WHAT YOU HAVE TO DO:
Retype the data exactly, from its first line to the line containing "The next color", including both, and skip any picture.
#####
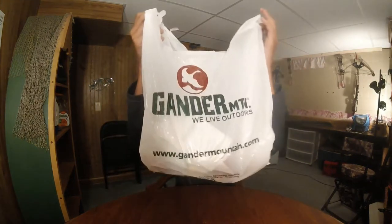Hey guys, and welcome back to Living for the Outdoors. Today I got an unbagging video for you guys from Gator Mountain. I'm sorry for the late upload — I didn't post anything this week.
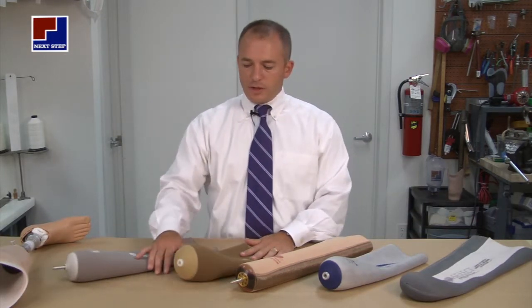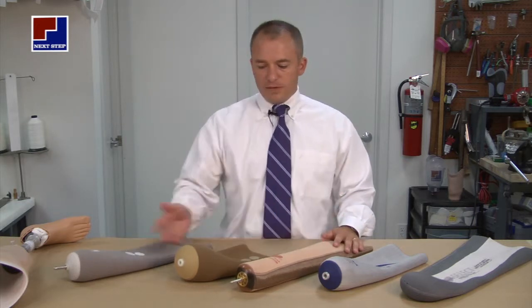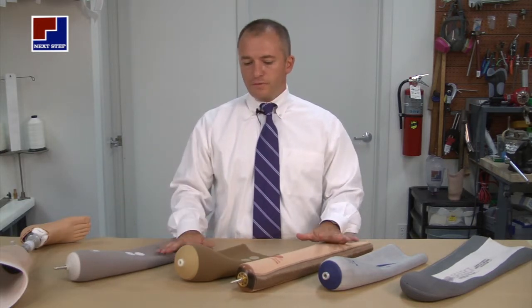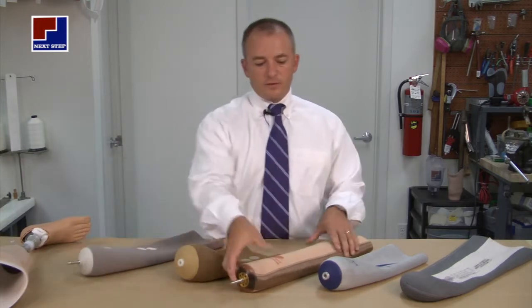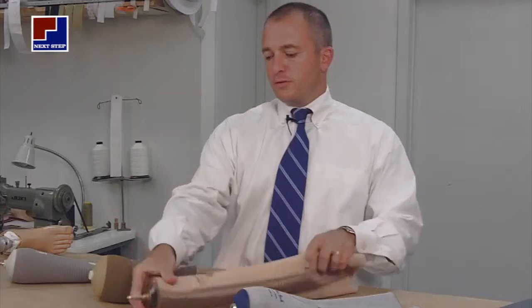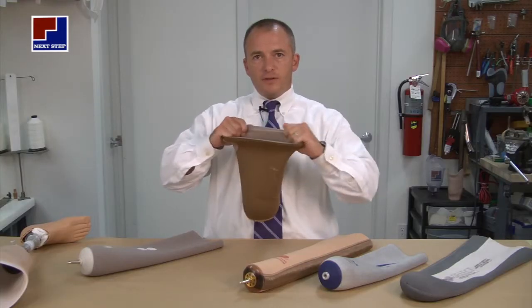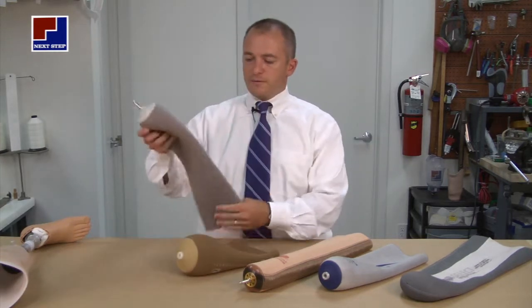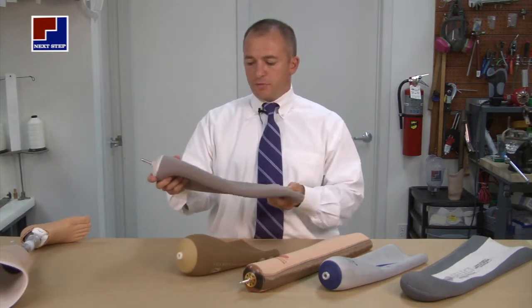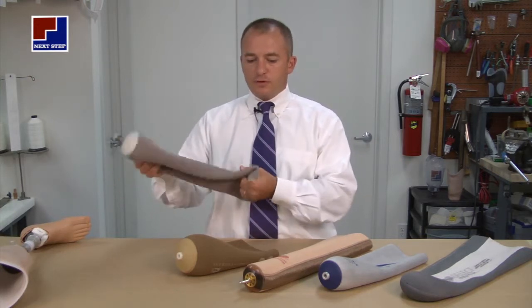In addition to all these gel liners, there are five main categories, with many different manufacturers for all different reasons. Some have a lot of stretch, some have very little stretch. Some are designed for low-activity amputees that need a lot of stretch. Others are designed for higher-impact sports, such as golf and running, to help give a little extra stability.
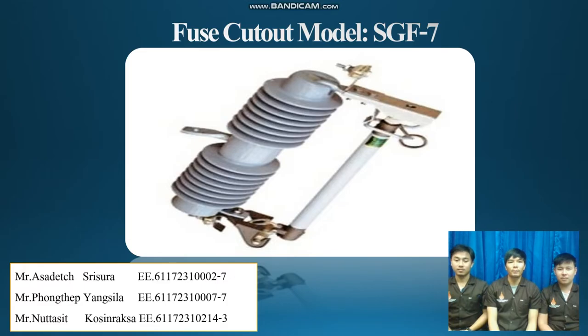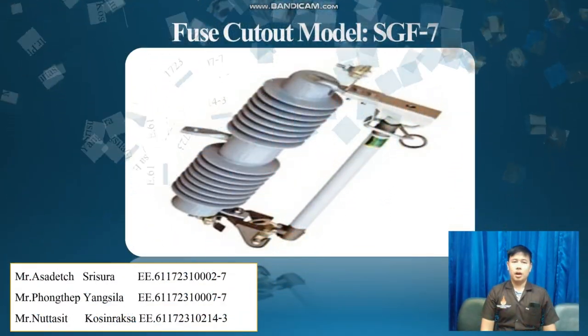Today I would like to talk about Dropout Fuse Cutout. Dropout Fuse Cutout is out of use. The incoming current and description, transformer description, write and overload, and on-off loading current.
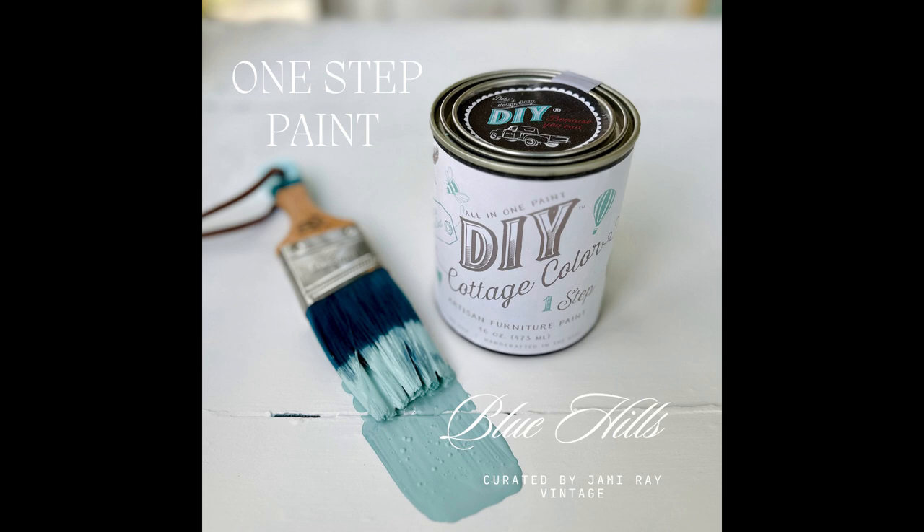The next color is called Blue Hills and Blue Hills is a brighter blue. I kind of feel like it's got some farm fresh feel to it but a little bit brighter — it's come up like a step in the brightness. It's that powdery light blue but it's got the brightness in it, so it's gorgeous. And those are the three brand new colors. What do you guys think? Which one is your favorite? Comment down below and let me know.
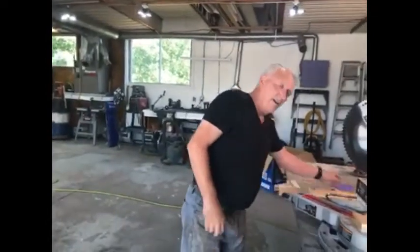So from the hobbyist, I guess, to the skilled professional or skilled carpenter, this saw will do whatever you need to get done. And as long as you take care of it, it will take care of you.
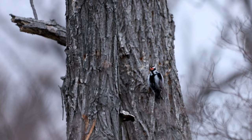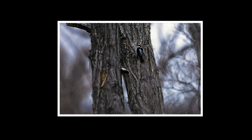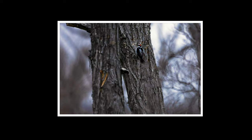There's a woodpecker just going at it. They've got to have some strong brains.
#####
RESULT OF THIS EXERCISE:
Hey guys, and welcome back to Living for the Outdoors. Today I got an unbagging video for you guys from Gator Mountain. I'm sorry for the late upload — I didn't post anything this week.
In addition to all these gel liners, there are five main categories, with many different manufacturers for all different reasons. Some have a lot of stretch, some have very little stretch. Some are designed for low-activity amputees that need a lot of stretch. Others are designed for higher-impact sports, such as golf and running, to help give a little extra stability.
Today I would like to talk about Dropout Fuse Cutout. Dropout Fuse Cutout is out of use. The incoming current and description, transformer description, write and overload, and on-off loading current.
The next color is called Blue Hills and Blue Hills is a brighter blue. I kind of feel like it's got some farm fresh feel to it but a little bit brighter — it's come up like a step in the brightness. It's that powdery light blue but it's got the brightness in it, so it's gorgeous. And those are the three brand new colors. What do you guys think? Which one is your favorite? Comment down below and let me know.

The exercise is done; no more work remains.